Sé que al formular estas críticas, entro en ese espacio al que se dirigía el propio Debord, cuando, unos años después, afirmaba: “Los especialistas en cine han dicho que había en la película una mala política revolucionaria; y los políticos de todas las izquierdas ilusionistas han dicho que era mal cine. Pero cuando se es a la vez revolucionario y cineasta se demuestra fácilmente que su acritud general deriva de la evidencia de que el film en cuestión es la crítica exacta de la sociedad que ellos no saben combatir y el primer ejemplo del cine que ellos no saben hacer”. La arrogancia intelectual de Debord y su incapacidad para aceptar cualquier crítica queda bien patente no solo en esas palabras, sino, sobre todo, en el título mismo del cortometraje que firmaría dos años más tarde: “Refutación de todos los juicios tanto elogiosos como hostiles formulados hasta ahora sobre el film ‘La sociedad del espectáculo’”.

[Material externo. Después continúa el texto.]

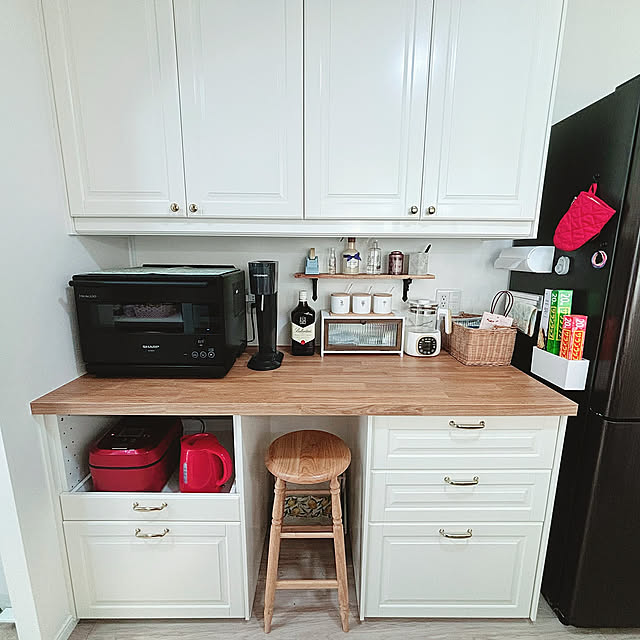 Kitchen,ハイスツール,Francfranc,SHARPヘルシオ,フレンチカントリー,METOD(メトード),IKEA,食器棚,カップボード,ソーダストリーム nyaaa14の部屋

El mesianismo de Debord, que se creía iluminado y en posesión de una verdad absoluta y completa que, curiosamente y a lo que parece, no estaba dispuesto a compartir ni siquiera con sus amigos, es un hecho lamentablemente común. Pero Debord cree ser el único en ver la verdad y toda la verdad. Todo el cine forma parte de la sociedad del espectáculo... salvo el suyo. Toda actitud ante el hecho social es farisaica y aliada del poder... salvo la suya. Demasiado vulgar y demasiado banal. Si Debord hubiera sido capaz de trascender su visión cerrilmente ideológica, habría podido percibir que ese arte, que él despreciaba aunque cultivara, puede desvelar realidades que se abren más allá de sus análisis, tan brillantes en sus reducidos límites como miopes en su capacidad para abarcar un ámbito más amplio.

En ese canto de autoexaltación que es “In girum imus nocte...” realizada pocos años después, Debord diría, entre otras cosas: “Yo he merecido el odio universal de la sociedad de mi tiempo, y me hubiera disgustado tener otros méritos a los ojos de esa sociedad... es en el cine donde he provocado la indignación más completa y unánime... mi mera existencia sigue siendo una hipótesis generalmente refutada. Me veo situado por encima de todas las leyes del género... No es poca satisfacción para mí presentar una obra que está absolutamente por encima de toda crítica...».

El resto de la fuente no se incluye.